▶ **EXERCISE INSTRUCTIONS**
Instruction for the entries below: return the part that opens with the line containing "Rear window wiper" and closes with the line containing "Thumbnail: 2026 BMW X3 - 10", exactly, and no pictures.

▶ **INFORMATION GIVEN**
------------------------------------

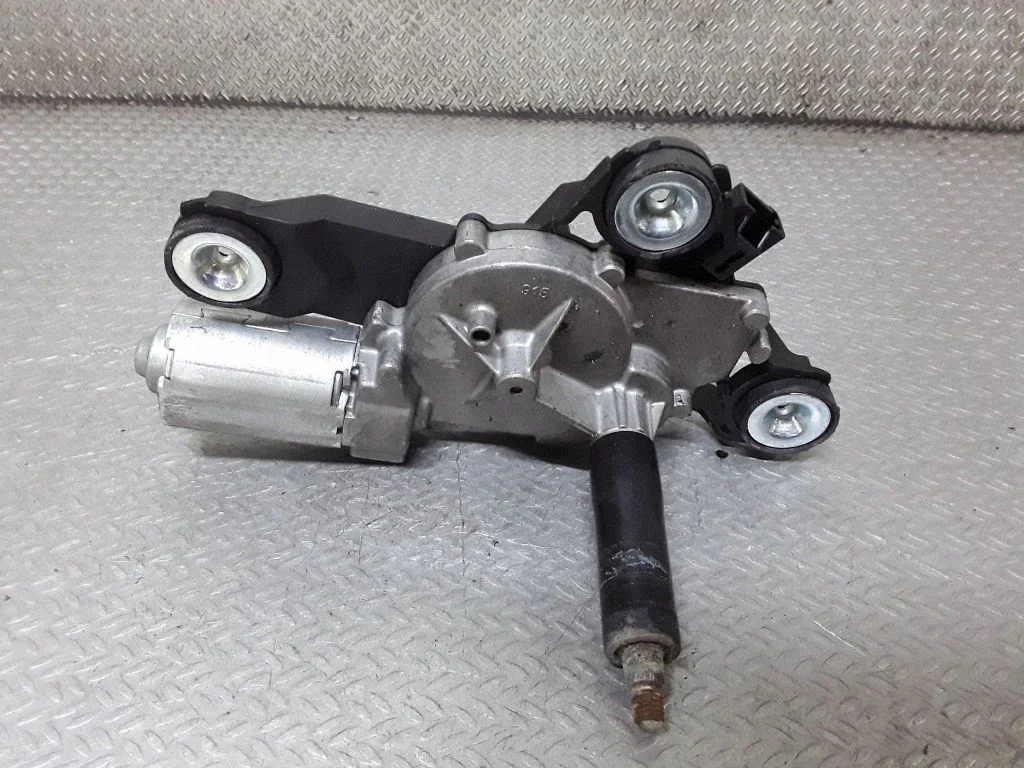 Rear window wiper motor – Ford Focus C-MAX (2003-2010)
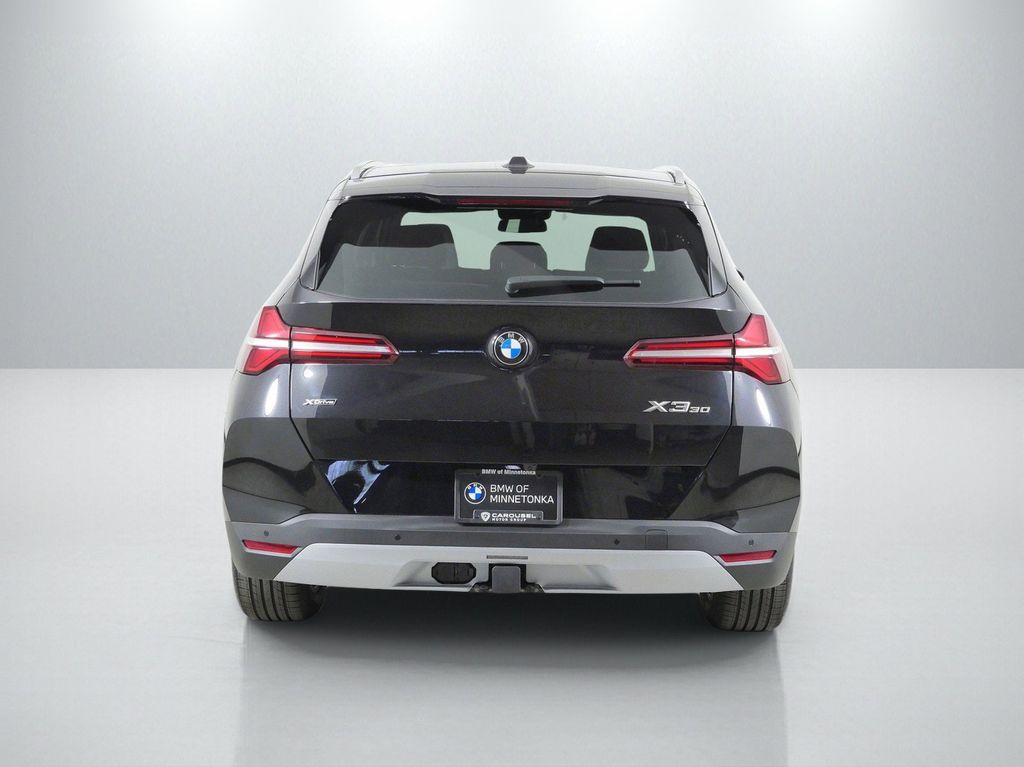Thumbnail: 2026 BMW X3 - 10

------------------------------------

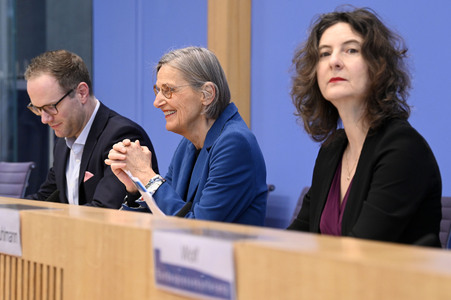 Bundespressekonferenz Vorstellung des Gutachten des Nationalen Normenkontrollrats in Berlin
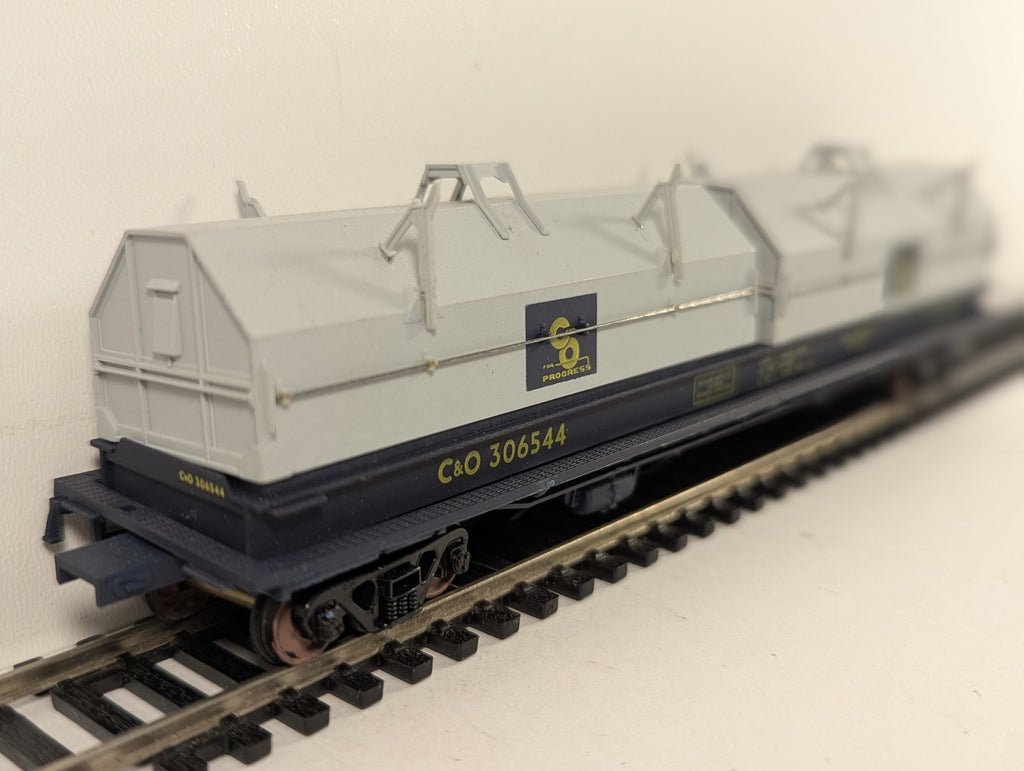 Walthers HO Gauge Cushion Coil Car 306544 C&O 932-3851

------------------------------------

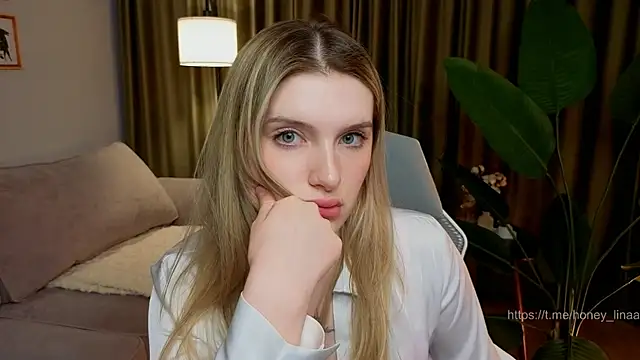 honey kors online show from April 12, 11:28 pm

------------------------------------

▶ **EXERCISE RESULT**
 Rear window wiper motor – Ford Focus C-MAX (2003-2010)
Thumbnail: 2026 BMW X3 - 10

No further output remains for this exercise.